● **Data extract**:

####

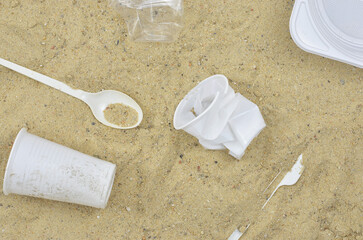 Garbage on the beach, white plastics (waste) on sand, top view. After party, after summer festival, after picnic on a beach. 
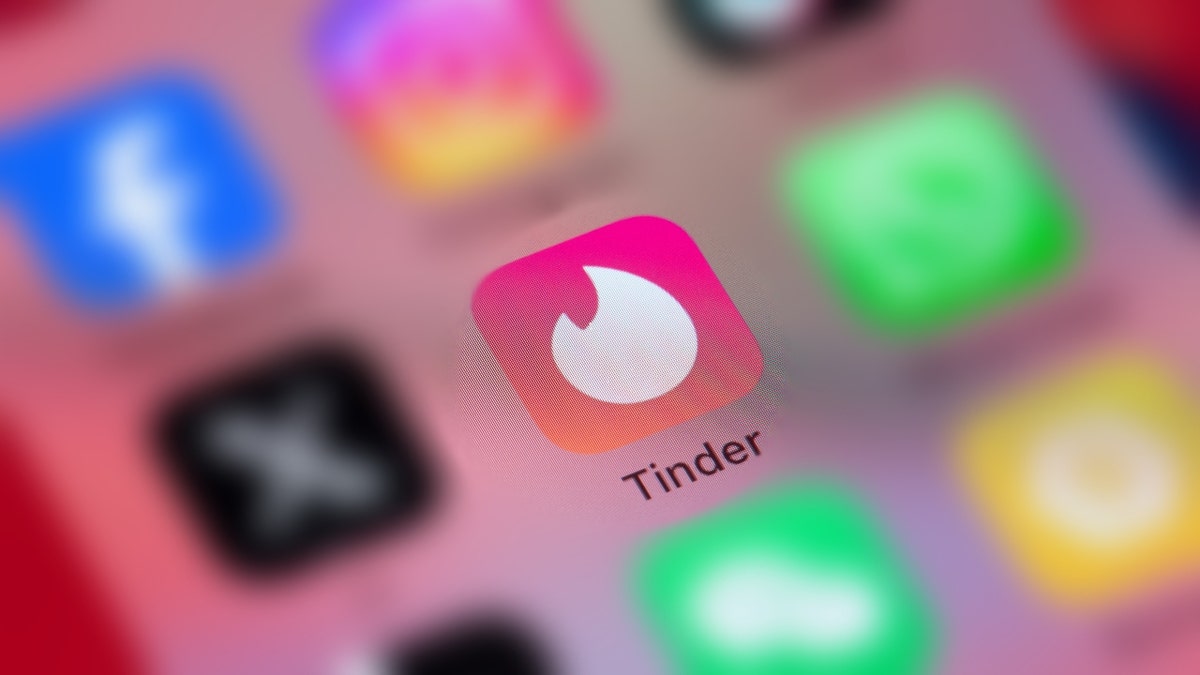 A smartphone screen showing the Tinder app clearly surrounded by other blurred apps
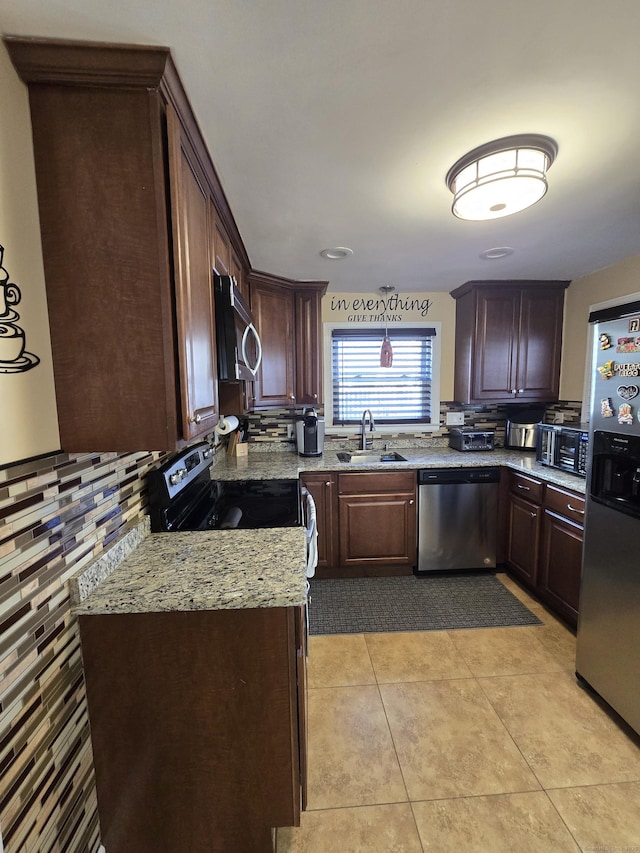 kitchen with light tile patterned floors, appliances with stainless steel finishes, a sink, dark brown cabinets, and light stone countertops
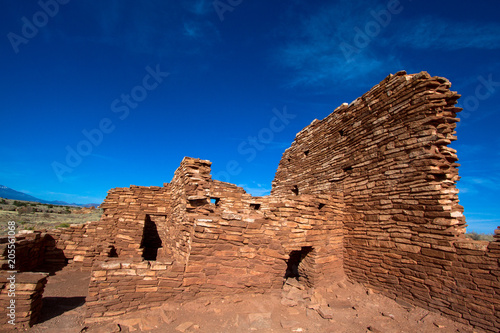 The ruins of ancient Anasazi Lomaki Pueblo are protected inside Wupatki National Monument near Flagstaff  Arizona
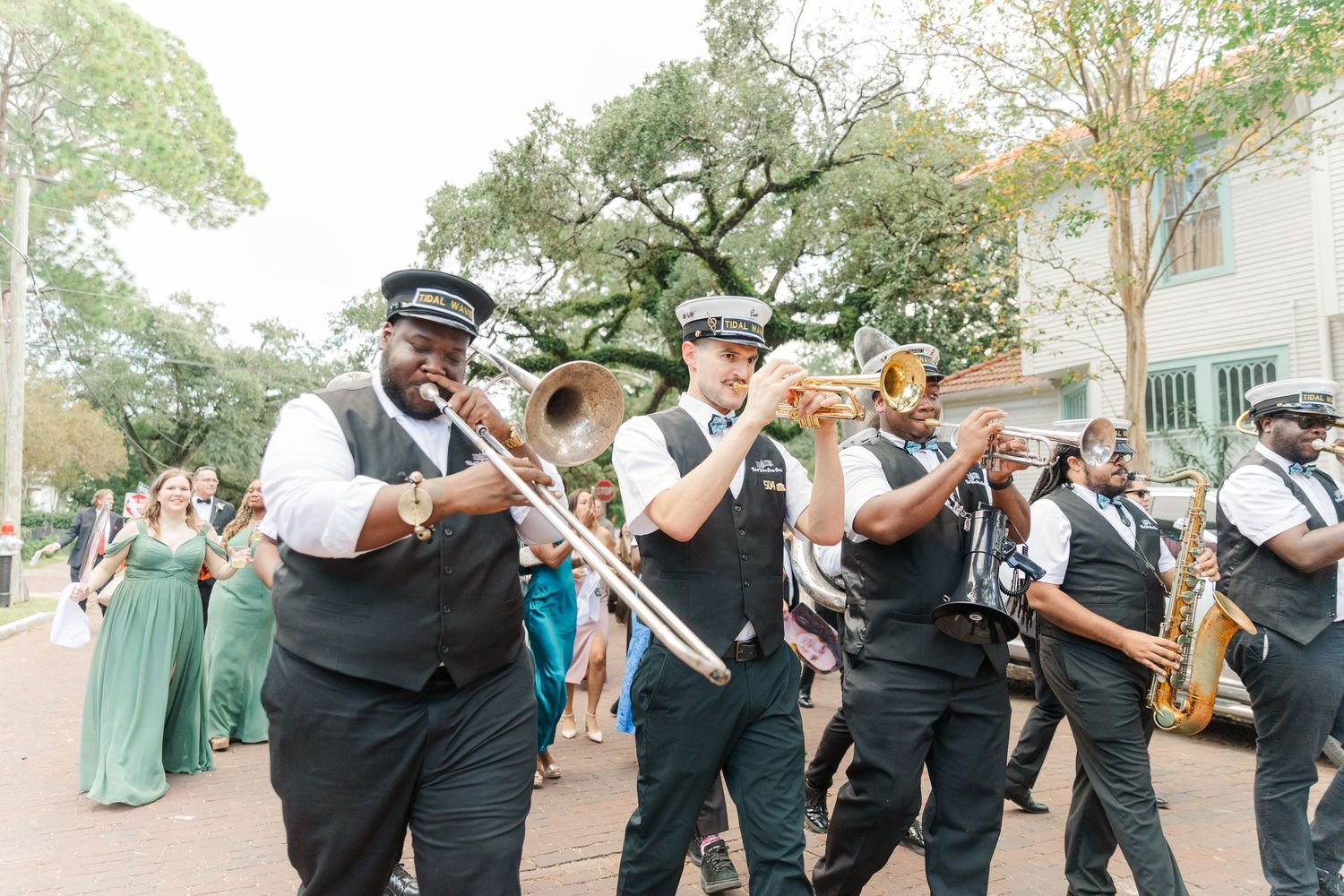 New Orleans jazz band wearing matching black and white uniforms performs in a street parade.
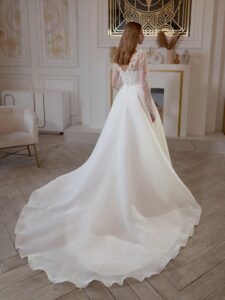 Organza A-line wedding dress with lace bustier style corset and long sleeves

####

Please repeat exactly the lines from the one containing "The ruins of" through the last line of the records, both included, and leave out the pictures.

 The ruins of ancient Anasazi Lomaki Pueblo are protected inside Wupatki National Monument near Flagstaff  Arizona
 New Orleans jazz band wearing matching black and white uniforms performs in a street parade.
 Organza A-line wedding dress with lace bustier style corset and long sleeves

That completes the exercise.